On voit quand même arriver beaucoup de jeunes cinéastes très étonnants, plein de promesses !

C’est vrai. Une nouvelle génération passe à l’acte. Ils défendent de nouvelles valeurs, des formes de vie, des pratiques. Un nouveau cinéma se met en place avec de nouvelles têtes, de nouvelles thématiques, mais quels moyens leurs seront donnés ? Et comment se professionnaliser ? Le cinéma reste une industrie. Hollywood finançait parfois des trucs comme Easy Rider (Dennis Hopper, 1969), Studio Canal a quand même soutenu Irréversible en 2002, ce qui à l’époque me paraissait incroyable ! Aucun des nouveaux groupes de financement du cinéma ne ferait ça aujourd’hui, je crois. Vortex, mon dernier film, a coûté très très peu d’argent ; c’est un film libre dans sa forme et dans son discours, mais qui n’a pu exister que parce qu’il n’est pas cher !

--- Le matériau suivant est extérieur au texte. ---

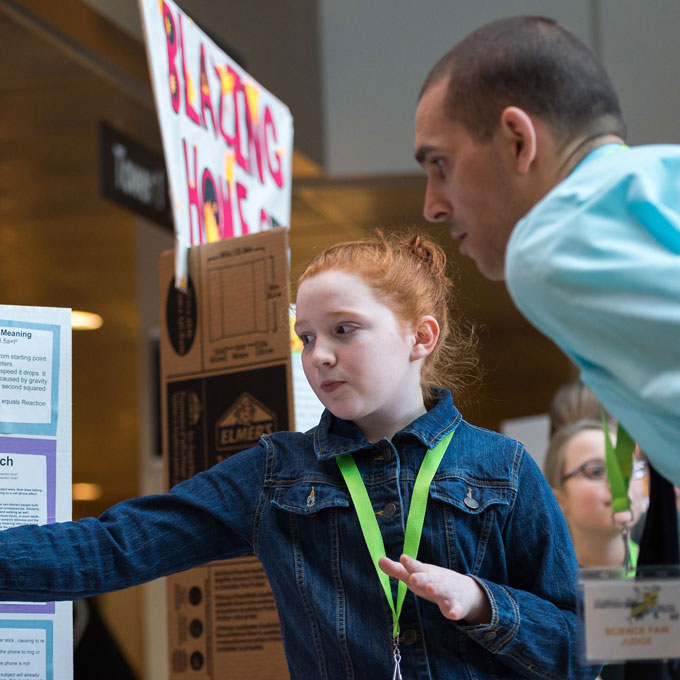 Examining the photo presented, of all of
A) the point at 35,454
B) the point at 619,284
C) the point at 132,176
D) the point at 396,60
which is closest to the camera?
the point at 619,284

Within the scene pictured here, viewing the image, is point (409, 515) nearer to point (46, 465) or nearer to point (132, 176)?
point (46, 465)

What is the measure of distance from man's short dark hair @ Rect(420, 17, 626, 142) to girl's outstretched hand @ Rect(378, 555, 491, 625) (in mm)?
523

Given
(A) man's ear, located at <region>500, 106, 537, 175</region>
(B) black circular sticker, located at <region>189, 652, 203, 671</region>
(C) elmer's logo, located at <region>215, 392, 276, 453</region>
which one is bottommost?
(B) black circular sticker, located at <region>189, 652, 203, 671</region>

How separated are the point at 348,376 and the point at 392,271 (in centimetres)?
20

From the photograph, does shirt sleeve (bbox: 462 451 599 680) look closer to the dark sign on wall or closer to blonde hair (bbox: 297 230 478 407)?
blonde hair (bbox: 297 230 478 407)

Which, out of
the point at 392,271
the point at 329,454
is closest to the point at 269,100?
the point at 392,271

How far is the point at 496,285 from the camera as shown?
7453 mm

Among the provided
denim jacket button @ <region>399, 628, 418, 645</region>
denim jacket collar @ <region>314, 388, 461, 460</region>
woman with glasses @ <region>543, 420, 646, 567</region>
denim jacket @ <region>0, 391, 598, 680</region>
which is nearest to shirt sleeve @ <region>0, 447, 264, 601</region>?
denim jacket @ <region>0, 391, 598, 680</region>

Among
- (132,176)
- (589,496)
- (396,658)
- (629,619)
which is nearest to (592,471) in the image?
(589,496)

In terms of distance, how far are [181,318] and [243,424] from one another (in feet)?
0.85

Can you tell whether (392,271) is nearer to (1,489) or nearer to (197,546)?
(197,546)

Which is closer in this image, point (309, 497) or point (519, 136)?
point (519, 136)

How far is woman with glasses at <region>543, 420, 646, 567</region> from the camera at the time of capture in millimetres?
2723

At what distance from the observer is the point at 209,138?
2.21 meters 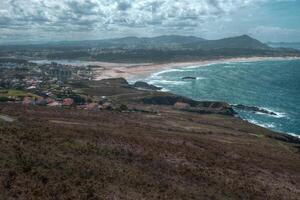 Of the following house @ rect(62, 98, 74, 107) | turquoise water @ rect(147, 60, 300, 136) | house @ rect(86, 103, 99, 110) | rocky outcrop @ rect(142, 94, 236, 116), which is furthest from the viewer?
rocky outcrop @ rect(142, 94, 236, 116)

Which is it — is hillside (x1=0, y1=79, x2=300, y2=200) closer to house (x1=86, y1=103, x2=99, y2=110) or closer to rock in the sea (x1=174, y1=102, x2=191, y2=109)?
house (x1=86, y1=103, x2=99, y2=110)

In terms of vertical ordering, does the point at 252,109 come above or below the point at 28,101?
below

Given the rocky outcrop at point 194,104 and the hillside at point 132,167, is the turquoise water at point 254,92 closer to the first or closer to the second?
the rocky outcrop at point 194,104

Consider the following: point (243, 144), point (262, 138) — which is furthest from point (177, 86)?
point (243, 144)

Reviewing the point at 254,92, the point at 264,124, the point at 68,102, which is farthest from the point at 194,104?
the point at 254,92

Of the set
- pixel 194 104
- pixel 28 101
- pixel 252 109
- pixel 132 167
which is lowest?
pixel 252 109

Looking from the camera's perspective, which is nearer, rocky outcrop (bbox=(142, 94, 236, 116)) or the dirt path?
the dirt path

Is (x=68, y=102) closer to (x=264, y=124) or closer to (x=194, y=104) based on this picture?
(x=194, y=104)

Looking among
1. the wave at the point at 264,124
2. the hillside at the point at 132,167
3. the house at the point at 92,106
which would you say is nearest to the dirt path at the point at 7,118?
the hillside at the point at 132,167

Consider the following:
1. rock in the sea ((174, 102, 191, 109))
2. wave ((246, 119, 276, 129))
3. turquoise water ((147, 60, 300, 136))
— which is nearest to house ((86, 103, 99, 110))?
rock in the sea ((174, 102, 191, 109))

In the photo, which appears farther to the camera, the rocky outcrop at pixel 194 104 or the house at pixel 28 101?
the rocky outcrop at pixel 194 104

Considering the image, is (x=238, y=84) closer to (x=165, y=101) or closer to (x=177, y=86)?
(x=177, y=86) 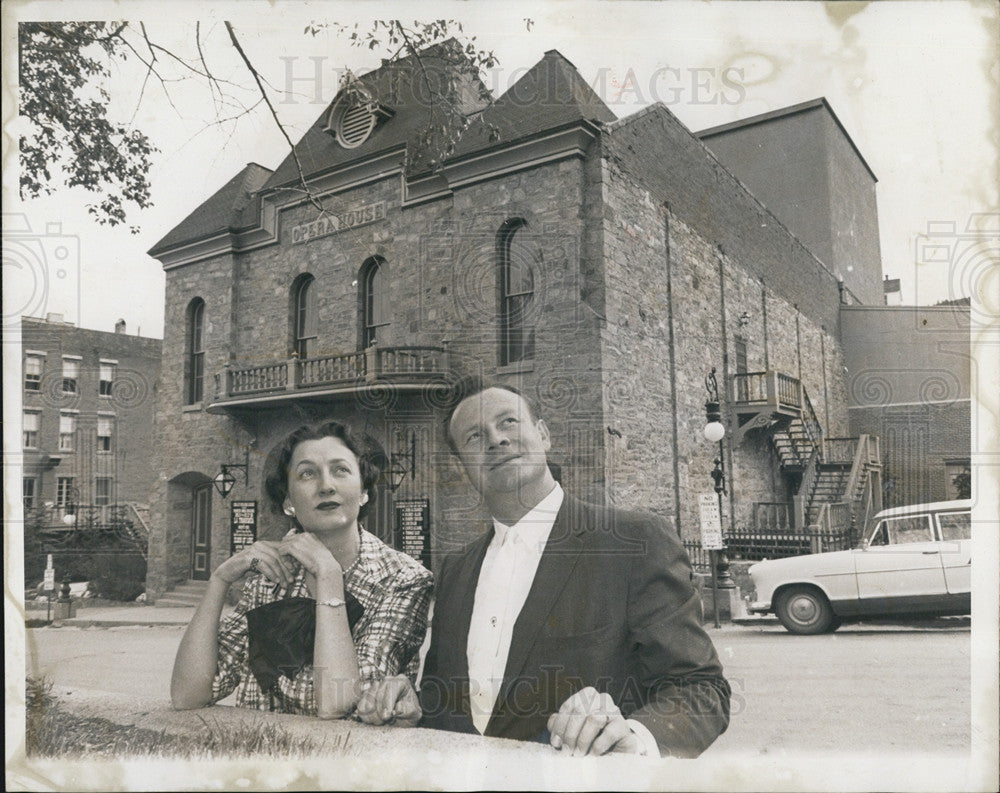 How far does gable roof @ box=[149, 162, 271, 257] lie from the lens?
6.19 m

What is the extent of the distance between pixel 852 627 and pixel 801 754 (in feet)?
3.50

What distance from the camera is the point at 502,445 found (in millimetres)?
5191

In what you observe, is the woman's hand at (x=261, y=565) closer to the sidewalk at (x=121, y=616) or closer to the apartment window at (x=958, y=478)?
the sidewalk at (x=121, y=616)

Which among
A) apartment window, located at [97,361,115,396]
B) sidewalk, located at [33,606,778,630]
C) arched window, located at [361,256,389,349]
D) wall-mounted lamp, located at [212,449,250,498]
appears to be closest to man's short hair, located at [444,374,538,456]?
arched window, located at [361,256,389,349]

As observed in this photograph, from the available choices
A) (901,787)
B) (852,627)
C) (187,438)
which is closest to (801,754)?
(901,787)

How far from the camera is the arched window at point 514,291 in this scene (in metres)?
5.51

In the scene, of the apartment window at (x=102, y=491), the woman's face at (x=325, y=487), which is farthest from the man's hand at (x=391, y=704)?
the apartment window at (x=102, y=491)

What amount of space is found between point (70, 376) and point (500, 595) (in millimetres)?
3953

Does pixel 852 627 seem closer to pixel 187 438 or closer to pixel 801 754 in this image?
pixel 801 754

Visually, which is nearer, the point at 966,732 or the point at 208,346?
the point at 966,732

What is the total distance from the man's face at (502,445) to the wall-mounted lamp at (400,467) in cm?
43

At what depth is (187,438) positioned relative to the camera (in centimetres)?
635

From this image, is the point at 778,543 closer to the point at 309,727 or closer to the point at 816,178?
the point at 816,178

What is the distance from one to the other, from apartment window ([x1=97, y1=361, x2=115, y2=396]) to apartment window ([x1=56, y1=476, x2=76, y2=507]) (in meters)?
0.76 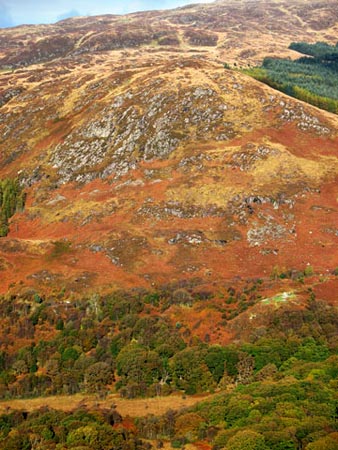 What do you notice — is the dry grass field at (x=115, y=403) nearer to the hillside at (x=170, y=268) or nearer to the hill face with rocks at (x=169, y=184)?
the hillside at (x=170, y=268)

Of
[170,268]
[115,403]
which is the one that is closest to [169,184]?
[170,268]

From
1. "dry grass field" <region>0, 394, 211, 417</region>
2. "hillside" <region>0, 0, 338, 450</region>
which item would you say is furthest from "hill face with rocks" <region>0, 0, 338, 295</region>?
"dry grass field" <region>0, 394, 211, 417</region>

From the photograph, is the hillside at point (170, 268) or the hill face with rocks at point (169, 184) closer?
the hillside at point (170, 268)

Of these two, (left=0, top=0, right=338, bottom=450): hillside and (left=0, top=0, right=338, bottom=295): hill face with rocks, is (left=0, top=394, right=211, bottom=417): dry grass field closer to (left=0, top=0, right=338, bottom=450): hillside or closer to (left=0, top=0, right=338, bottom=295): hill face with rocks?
(left=0, top=0, right=338, bottom=450): hillside

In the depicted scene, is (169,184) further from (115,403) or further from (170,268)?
(115,403)

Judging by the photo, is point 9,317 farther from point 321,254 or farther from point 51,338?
point 321,254

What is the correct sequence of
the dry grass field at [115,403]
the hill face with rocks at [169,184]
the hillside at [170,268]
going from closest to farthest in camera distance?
the hillside at [170,268] → the dry grass field at [115,403] → the hill face with rocks at [169,184]

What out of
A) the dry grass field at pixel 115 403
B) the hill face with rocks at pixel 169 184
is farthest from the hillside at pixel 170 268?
the hill face with rocks at pixel 169 184

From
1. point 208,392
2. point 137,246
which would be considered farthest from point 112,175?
point 208,392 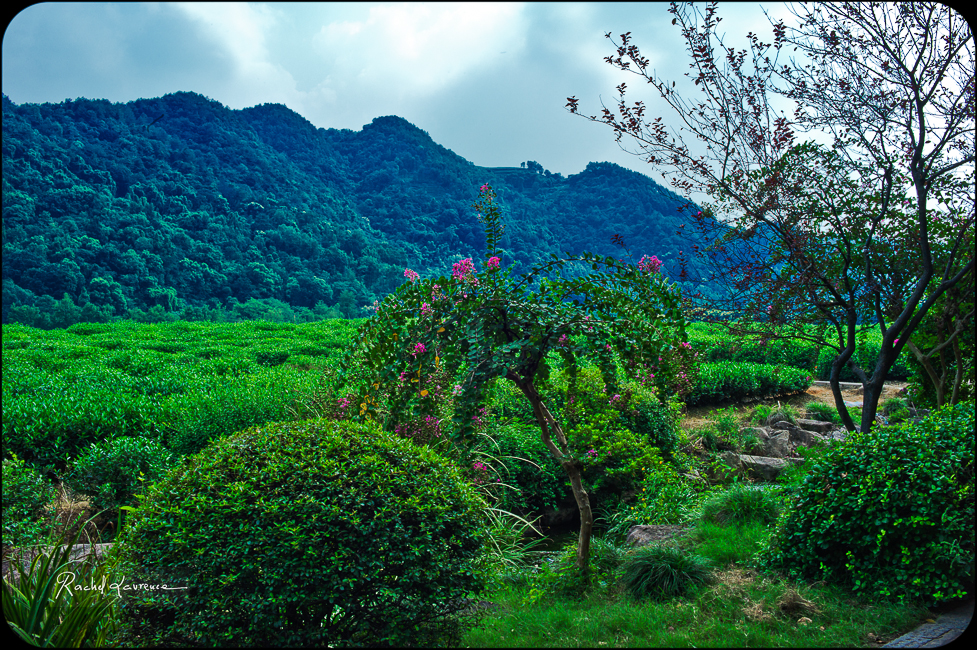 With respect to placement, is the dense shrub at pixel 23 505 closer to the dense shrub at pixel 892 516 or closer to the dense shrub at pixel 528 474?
the dense shrub at pixel 528 474

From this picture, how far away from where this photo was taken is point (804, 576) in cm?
325

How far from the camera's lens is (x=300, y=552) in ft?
8.12

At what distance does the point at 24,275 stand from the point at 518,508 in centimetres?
3691

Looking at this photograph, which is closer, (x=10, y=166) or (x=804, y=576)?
(x=804, y=576)

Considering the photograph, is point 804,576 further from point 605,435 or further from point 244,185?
point 244,185

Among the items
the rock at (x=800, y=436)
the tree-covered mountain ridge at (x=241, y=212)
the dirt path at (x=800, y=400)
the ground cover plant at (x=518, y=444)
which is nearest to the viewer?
the ground cover plant at (x=518, y=444)

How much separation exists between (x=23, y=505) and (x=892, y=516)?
5666 mm

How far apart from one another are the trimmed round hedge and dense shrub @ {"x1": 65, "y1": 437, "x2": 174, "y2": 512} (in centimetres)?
217

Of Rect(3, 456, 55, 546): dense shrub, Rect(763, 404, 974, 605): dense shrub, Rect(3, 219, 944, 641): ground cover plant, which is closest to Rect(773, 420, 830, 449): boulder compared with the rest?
Rect(3, 219, 944, 641): ground cover plant

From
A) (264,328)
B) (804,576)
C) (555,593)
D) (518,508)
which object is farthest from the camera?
(264,328)

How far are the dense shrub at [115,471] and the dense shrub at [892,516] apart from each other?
486 centimetres

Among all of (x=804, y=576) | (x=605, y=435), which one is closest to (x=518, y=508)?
(x=605, y=435)

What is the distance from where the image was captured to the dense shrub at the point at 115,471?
464 cm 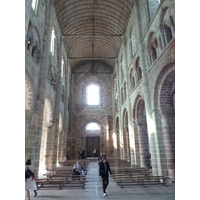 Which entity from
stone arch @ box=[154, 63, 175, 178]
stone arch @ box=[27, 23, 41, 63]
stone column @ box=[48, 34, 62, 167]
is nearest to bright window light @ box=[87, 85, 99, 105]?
stone column @ box=[48, 34, 62, 167]

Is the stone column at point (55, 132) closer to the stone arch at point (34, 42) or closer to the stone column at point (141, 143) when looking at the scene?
the stone arch at point (34, 42)

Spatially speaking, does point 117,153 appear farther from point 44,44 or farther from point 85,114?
point 44,44

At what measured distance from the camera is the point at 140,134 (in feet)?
49.2

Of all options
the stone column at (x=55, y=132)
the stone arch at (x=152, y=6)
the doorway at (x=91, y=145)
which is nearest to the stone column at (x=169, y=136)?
the stone arch at (x=152, y=6)

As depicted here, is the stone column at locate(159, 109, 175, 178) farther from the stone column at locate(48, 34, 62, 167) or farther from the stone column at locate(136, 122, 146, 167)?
the stone column at locate(48, 34, 62, 167)

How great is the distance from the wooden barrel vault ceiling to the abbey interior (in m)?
0.08

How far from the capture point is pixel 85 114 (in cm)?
2803

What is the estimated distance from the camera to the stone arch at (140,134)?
14.3 meters

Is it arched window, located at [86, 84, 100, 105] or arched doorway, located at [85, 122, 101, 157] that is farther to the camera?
arched window, located at [86, 84, 100, 105]

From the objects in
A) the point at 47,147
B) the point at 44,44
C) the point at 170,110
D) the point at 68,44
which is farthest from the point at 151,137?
the point at 68,44

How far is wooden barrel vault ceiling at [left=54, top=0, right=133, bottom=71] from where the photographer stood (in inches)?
683

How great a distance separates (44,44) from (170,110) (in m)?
10.2

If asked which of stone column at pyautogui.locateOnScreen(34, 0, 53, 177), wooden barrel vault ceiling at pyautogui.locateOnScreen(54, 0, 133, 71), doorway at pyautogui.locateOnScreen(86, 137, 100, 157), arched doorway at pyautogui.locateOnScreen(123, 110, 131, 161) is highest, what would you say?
wooden barrel vault ceiling at pyautogui.locateOnScreen(54, 0, 133, 71)

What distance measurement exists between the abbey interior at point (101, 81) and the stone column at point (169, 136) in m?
0.05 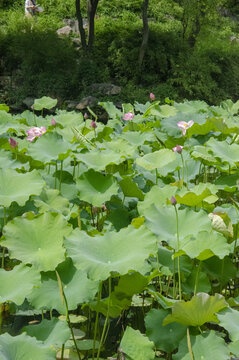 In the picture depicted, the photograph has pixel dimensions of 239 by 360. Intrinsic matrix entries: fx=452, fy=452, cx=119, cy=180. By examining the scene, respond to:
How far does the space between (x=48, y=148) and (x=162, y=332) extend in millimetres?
737

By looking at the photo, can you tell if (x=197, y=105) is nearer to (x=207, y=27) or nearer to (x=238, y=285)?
(x=238, y=285)

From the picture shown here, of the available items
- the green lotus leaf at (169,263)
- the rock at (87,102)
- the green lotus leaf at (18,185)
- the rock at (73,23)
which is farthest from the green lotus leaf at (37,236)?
the rock at (73,23)

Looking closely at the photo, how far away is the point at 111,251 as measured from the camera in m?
0.90

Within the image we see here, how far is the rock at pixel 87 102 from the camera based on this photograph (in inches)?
276

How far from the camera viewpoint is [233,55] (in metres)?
9.43

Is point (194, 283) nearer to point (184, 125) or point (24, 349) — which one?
point (24, 349)

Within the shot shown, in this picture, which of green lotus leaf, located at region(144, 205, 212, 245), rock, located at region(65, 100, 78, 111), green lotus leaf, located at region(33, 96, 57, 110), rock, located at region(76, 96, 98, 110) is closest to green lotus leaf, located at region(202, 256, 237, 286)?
green lotus leaf, located at region(144, 205, 212, 245)

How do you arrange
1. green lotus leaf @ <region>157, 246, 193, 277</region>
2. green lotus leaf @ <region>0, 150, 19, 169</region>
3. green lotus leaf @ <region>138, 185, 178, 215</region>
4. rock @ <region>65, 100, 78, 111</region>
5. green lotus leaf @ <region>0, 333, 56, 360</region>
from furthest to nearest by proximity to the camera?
rock @ <region>65, 100, 78, 111</region>, green lotus leaf @ <region>0, 150, 19, 169</region>, green lotus leaf @ <region>138, 185, 178, 215</region>, green lotus leaf @ <region>157, 246, 193, 277</region>, green lotus leaf @ <region>0, 333, 56, 360</region>

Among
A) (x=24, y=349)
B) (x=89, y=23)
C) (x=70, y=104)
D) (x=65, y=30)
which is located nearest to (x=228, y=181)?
(x=24, y=349)

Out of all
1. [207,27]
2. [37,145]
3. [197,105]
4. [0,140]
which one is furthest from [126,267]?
[207,27]

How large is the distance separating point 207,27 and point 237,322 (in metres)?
9.19

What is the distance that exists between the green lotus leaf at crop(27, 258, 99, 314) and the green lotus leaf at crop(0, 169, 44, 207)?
0.23 m

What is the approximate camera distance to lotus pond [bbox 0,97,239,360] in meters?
0.80

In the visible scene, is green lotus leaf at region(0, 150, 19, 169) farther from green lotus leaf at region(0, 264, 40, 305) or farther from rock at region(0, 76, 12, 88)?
rock at region(0, 76, 12, 88) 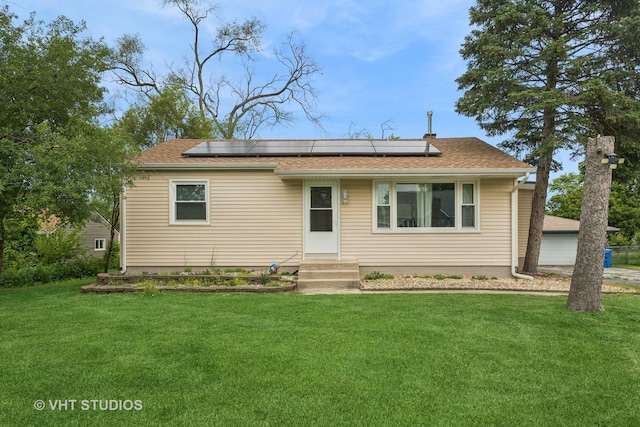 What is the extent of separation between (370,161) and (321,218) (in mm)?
2042

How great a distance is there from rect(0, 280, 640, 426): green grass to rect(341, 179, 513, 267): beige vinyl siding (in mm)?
3554

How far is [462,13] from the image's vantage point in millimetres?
11984

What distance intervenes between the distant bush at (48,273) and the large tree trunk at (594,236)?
13.6 m

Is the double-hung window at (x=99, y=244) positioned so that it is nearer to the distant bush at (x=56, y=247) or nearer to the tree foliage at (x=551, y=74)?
the distant bush at (x=56, y=247)

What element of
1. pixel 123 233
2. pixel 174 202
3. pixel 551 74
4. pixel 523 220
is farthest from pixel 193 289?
pixel 551 74

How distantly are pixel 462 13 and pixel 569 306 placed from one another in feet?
32.5

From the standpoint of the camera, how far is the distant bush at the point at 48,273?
35.7 feet

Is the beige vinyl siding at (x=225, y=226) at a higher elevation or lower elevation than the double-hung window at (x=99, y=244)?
higher

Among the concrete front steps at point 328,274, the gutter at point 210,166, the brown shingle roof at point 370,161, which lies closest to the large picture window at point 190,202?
the gutter at point 210,166

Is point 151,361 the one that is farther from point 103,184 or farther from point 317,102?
point 317,102

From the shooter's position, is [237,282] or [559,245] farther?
[559,245]

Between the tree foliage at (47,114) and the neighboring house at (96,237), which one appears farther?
the neighboring house at (96,237)

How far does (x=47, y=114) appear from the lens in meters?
8.52

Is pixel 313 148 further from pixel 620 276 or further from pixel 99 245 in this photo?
pixel 99 245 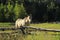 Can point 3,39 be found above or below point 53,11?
above

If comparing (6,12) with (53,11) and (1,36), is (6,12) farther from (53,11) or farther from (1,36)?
(1,36)

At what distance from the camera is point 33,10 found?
2432 inches

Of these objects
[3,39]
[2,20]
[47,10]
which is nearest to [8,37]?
[3,39]

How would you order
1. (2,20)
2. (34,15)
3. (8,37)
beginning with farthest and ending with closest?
(34,15), (2,20), (8,37)

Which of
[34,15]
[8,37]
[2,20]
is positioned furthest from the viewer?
[34,15]

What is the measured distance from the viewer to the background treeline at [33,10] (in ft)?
196

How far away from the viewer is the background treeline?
5981 centimetres

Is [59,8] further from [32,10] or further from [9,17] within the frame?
[9,17]

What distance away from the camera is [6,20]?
58.9 m

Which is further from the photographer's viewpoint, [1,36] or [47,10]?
[47,10]

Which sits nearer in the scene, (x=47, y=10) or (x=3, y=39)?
(x=3, y=39)

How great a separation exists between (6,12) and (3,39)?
177 ft

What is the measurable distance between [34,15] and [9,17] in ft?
20.4

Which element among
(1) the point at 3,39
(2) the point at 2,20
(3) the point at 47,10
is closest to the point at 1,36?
(1) the point at 3,39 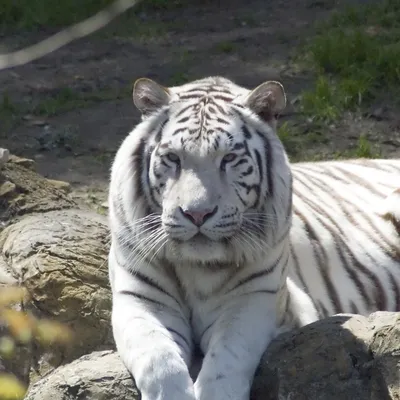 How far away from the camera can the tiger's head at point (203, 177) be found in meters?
2.77

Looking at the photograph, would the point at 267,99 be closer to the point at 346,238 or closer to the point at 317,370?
the point at 317,370

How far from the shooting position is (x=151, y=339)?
2.72m

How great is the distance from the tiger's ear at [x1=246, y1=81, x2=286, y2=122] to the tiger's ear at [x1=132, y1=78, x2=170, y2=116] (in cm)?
28

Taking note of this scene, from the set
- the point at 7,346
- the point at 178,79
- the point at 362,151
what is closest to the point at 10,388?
the point at 7,346

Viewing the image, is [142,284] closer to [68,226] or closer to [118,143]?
[68,226]

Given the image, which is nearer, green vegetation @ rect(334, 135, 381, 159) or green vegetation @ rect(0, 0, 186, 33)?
green vegetation @ rect(334, 135, 381, 159)

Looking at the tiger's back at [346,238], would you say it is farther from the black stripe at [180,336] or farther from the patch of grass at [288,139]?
the patch of grass at [288,139]

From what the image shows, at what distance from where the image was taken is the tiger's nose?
Result: 2.70 metres

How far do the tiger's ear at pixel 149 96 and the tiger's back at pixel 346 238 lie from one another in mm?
870

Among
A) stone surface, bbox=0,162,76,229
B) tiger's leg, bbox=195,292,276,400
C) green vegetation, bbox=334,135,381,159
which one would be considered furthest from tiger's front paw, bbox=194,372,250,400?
green vegetation, bbox=334,135,381,159

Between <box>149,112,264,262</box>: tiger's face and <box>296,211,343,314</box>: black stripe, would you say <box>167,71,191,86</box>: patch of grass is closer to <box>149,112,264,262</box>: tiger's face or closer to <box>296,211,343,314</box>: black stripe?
<box>296,211,343,314</box>: black stripe

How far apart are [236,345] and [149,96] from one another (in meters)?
0.87

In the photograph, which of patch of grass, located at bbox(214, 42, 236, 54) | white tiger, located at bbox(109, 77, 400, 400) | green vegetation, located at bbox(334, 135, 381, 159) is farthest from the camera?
patch of grass, located at bbox(214, 42, 236, 54)

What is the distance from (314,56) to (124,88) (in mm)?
1417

J’avais beaucoup aimé Climax ! Et ton nouveau film, Vortex, sortira bientôt en salle, espérons-le ! Entre les deux films, c’est un peu le grand écart… Tu t’intéresses à une autre génération…

Il y a eu des films entre les deux ! tu les as vus ! il n’y a pas que le long métrage et la fiction dans le cinéma ! Lux Aeterna (2019) est un moyen-métrage ; j’ai aussi fait un film de 8mn pour Saint-Laurent (les deux étaient déjà en split screen comme si je m’entrainais pour Vortex !), j’ai remonté Irréversible à l’envers ! et j’ai même fait une hémorragie cérébrale. Il s’en est passé des trucs en quatre ans !

Tu as raison, mais quand même ! Le vieillissement… Personne ne t’attendait sur un sujet pareil ! Vortex m’a bouleversé !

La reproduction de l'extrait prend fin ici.